Monday, May 23, 2011

Another Day, Another Jerry Brown Rationale for Tax Hikes

The media are abuzz today with news of a Supreme Court ruling that California must reduce prison overcrowding by releasing approximately 46,000 inmates over the next two years (currently, the state incarcerates over 143,000 people). In a 5-4 decision, the Court ruled that the strains on the prisons' medical care system were creating a violation of the Constitution's safeguards against cruel or unusual punishment. (Reason's analysis of the ruling is here.) While we won't argue that prison overcrowding isn't a problem, we're still dismayed that Jerry Brown and others in California's government seem to be drawing the worst possible conclusions from the ruling.
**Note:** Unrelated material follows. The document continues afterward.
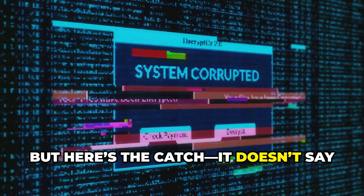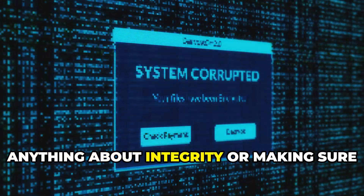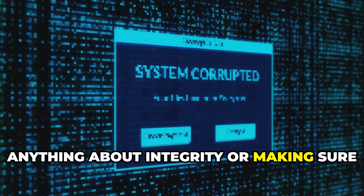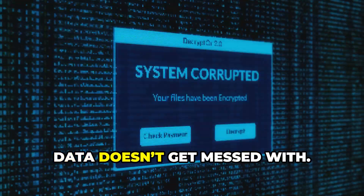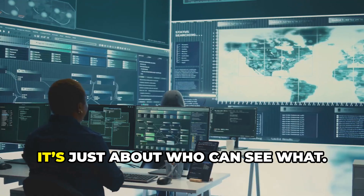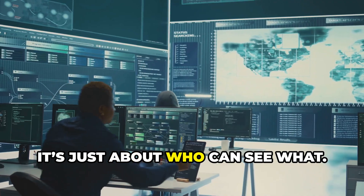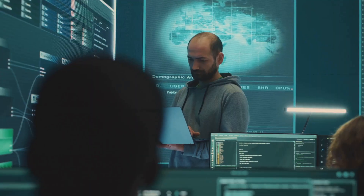But here's the catch: it doesn't say anything about integrity or making sure data doesn't get messed with. It's just about who can see it.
Did the ruling, perhaps, lead California's leaders to ponder whether its three-strikes law, which leads to countless incarcerations of non-violent, low-level drug offenders, is related to its overcrowded prisons? According to this LA Times piece, not a chance. Commenting on Brown's plan to shift thousands of inmates to local jails, a spokesman for the Department of Corrections and Rehabilitation said, "Our goal is not to release inmates at all." So yeah, the plan is to shift the costs of housing these folks onto localities rather than address the underlying problem.
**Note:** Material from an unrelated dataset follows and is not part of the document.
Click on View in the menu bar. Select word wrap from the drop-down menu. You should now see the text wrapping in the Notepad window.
And what was Sacramento's reaction? According to the Sacramento Bee, the decision became, almost instantly, a new rationale for five years of tax increases, replacing the tired old "debt reduction" reasons that weren't going over well last week. Hmm; we can't imagine why no one was bringing this up before today. Does this mean that our "responsible adult" Governor had no plan for responding to this ruling while he was promising an all-cuts budget if he didn't get his tax increases? And more to the point, doesn't his promise to require voter ratification of tax increases only make the prisoner transfer more uncertain and difficult (assuming, of course, that the ruling doesn't turn into a reason for breaking that promise as well)? That is, assuming that the new call for tax increases is anything more than a craven attempt to bully the public into submission.